Freitag, 17. Oktober 2008

Zu den Äußerungen von CSU-Landesgruppenchef Peter Ramsauer und CSU-Mittelstandschef Hans Michelbach zur Erbschaftsteuerreform erklärt der Vorsitzende der Bayerischen SPD-Landesgruppe und Berichterstatter der SPD-Bundestagsfraktion für die Erbschaftsteuerreform, Florian Pronold, MdB :

„Die CSU wirft mit Nebelkerzen um sich. Zur Erbschaftsteuerreform hat sie schon vor der Landtagswahl völlig falsche Behauptungen aufgestellt. Sie macht vermeintlich Betroffenen Angst, um die Erbschaftsteuer insgesamt zu kippen.

Die Behauptungen der CSU, dass der Mittelstand sowie das selbst genutzte private Wohneigentum gefährdet seien, sind falsch. Die SPD ist bereit, das selbst genutzte private Wohneigentum für Ehepartner in einer Größenordnung von 700 000 bis 1 Million Euro freizustellen. Die SPD hat sehr großzügige Regelungen für Betriebserben vorgesehen, so dass 95 Prozent der Betriebe überhaupt keine Erbschaftsteuer zahlen müssten. Trotzdem versucht die CSU nach außen den Eindruck zu erwecken, als wäre hier noch irgendetwas zu erreichen.
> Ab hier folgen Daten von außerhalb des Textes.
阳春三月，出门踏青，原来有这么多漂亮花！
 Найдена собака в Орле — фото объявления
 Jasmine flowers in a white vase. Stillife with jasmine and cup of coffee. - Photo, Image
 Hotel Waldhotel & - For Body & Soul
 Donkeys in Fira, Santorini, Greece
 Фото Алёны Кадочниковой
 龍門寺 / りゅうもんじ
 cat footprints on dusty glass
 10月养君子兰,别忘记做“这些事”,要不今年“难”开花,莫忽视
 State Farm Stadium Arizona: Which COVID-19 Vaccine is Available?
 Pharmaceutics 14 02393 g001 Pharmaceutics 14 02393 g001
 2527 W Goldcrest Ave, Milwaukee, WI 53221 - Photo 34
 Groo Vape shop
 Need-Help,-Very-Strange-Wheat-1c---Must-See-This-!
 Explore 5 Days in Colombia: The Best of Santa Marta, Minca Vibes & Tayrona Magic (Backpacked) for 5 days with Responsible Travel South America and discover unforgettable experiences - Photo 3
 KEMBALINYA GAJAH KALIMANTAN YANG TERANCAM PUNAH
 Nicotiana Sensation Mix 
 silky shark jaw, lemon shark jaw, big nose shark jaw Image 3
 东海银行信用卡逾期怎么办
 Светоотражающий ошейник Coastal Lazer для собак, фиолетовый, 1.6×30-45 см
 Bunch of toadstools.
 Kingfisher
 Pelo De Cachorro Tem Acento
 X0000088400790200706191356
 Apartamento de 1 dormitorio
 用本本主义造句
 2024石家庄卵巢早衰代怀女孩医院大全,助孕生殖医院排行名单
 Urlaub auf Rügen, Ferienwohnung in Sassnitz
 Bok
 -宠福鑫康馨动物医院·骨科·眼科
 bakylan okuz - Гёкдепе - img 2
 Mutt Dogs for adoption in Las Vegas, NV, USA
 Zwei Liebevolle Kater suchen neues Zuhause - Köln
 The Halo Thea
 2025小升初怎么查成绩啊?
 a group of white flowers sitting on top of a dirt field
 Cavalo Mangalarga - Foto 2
Klar ist: Die Reform muss verfassungskonform und verwaltungstechnisch handhabbar sein. Wir wollen kein neues Bürokratiemonster erschaffen. Daher lehnen wir regionalisierte Freibeträge ab. Denn dann wären rund 140 Doppelbesteuerungsabkommen zwischen den Bundesländern nötig. Das sollten Ramsauer, Michelbach & Co. wissen, die sich bei jeder Gelegenheit vermeintlich für den Bürokratieabbau einsetzen.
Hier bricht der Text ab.